My solution does not leverage much math insights into the problem, but rather apply bit manipulation to simulate the process to find all states after m steps.
Nevertheless, I do use some insights to reduce the number of bits used to represent light state from n to 3. This is because the n lights can be grouped into the following 3 groups. As lights within the same group will not have a different on/off state through out the m operations, their share one bit to represent their states.
 group 1: whose with odd index representable as 3k+1, use the last bit in a char.

group 2: whose with even index use the second last bit in a char.

group 3: whose with odd index, but not representable as 3k+1, use the third last bit in a char.
When a button is pressed, it is flipping the state (and the corresponding bit ) of one or more groups:

button 1 flips all 3 groups, we can do XOR 7 on the old state to get the new state.

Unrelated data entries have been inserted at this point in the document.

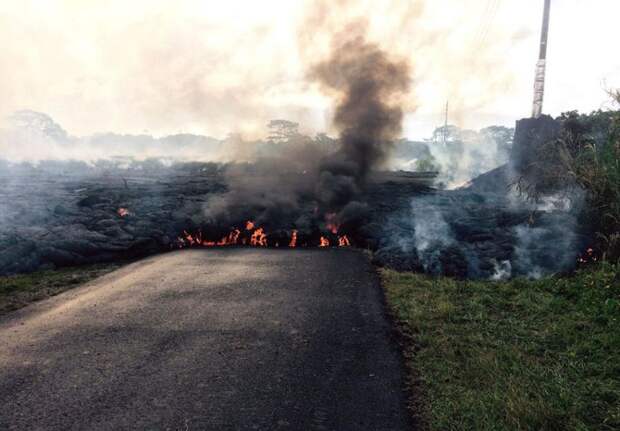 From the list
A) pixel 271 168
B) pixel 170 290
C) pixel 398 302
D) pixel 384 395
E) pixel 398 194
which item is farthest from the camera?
pixel 271 168

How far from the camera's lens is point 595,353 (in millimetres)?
6703

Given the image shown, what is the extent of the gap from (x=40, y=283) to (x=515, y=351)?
37.9 ft

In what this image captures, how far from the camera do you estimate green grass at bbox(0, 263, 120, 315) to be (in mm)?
10133

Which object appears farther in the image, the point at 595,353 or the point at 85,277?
the point at 85,277

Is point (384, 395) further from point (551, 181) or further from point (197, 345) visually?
point (551, 181)

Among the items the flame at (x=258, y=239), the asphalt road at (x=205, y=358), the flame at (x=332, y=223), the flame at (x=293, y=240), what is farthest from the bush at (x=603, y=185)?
the flame at (x=258, y=239)

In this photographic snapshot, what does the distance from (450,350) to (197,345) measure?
13.7 ft

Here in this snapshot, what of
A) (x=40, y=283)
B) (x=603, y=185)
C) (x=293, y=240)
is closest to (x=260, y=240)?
(x=293, y=240)

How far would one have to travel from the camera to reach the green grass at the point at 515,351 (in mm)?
5102

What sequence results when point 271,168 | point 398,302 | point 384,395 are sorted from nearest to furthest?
point 384,395 → point 398,302 → point 271,168

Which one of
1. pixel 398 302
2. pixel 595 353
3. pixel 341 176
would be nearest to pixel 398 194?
pixel 341 176

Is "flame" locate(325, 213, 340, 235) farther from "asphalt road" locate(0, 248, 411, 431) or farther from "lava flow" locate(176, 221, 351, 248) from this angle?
"asphalt road" locate(0, 248, 411, 431)

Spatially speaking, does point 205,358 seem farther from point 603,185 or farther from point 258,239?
point 258,239

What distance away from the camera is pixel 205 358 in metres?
6.88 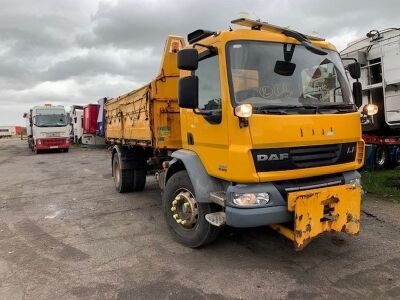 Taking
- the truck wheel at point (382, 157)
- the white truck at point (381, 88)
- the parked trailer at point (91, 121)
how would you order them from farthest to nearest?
the parked trailer at point (91, 121) < the truck wheel at point (382, 157) < the white truck at point (381, 88)

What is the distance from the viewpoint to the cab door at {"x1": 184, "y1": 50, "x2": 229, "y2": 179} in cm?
450

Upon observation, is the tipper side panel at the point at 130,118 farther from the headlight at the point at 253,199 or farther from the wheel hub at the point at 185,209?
the headlight at the point at 253,199

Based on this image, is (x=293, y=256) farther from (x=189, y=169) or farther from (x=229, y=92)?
(x=229, y=92)

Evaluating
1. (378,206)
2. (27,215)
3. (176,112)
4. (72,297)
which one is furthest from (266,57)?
(27,215)

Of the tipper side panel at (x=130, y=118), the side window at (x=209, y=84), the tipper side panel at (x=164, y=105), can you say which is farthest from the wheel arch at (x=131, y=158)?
the side window at (x=209, y=84)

button 2 flips group 2, do XOR 2 on the old state to get the new state.

button 3 flips group 1 and group 3, do XOR 5

button 4 flips group 1, do XOR 1
For small n such as 1 and 2, there maybe zero lights in some of the 3 groups, and we setup mask to disregard the corresponding bits every time we simulate the flip.
The finally observation is that the number of states cannot be more than 8, so once we get a set of 8 states at some step, we do not need to simulate all the remaining ones.
The code in C++ is in the following:
int flipLights(int n, int m) {
char s0,mask;
const int maxStates = 8;
vector<char> buttons = {1,2,5,7};
switch(n){
case 1:
s0 = mask = 1;
break;
case 2:
s0 = mask = 3;
break;
default:
s0 = mask = 7;
}
set<char> states;
states.insert(s0);
for (int i = 1; i<=m && states.size() < maxStates; i++){
set <char> newStates;
for (auto s : states)
for (auto b: buttons)
newStates.insert(s^b&mask);
states = newStates;
}
return states.size();
}
Although this approach is slower than the other ones with pure math insights, it is generic and justifies this problem as a valid coding problem.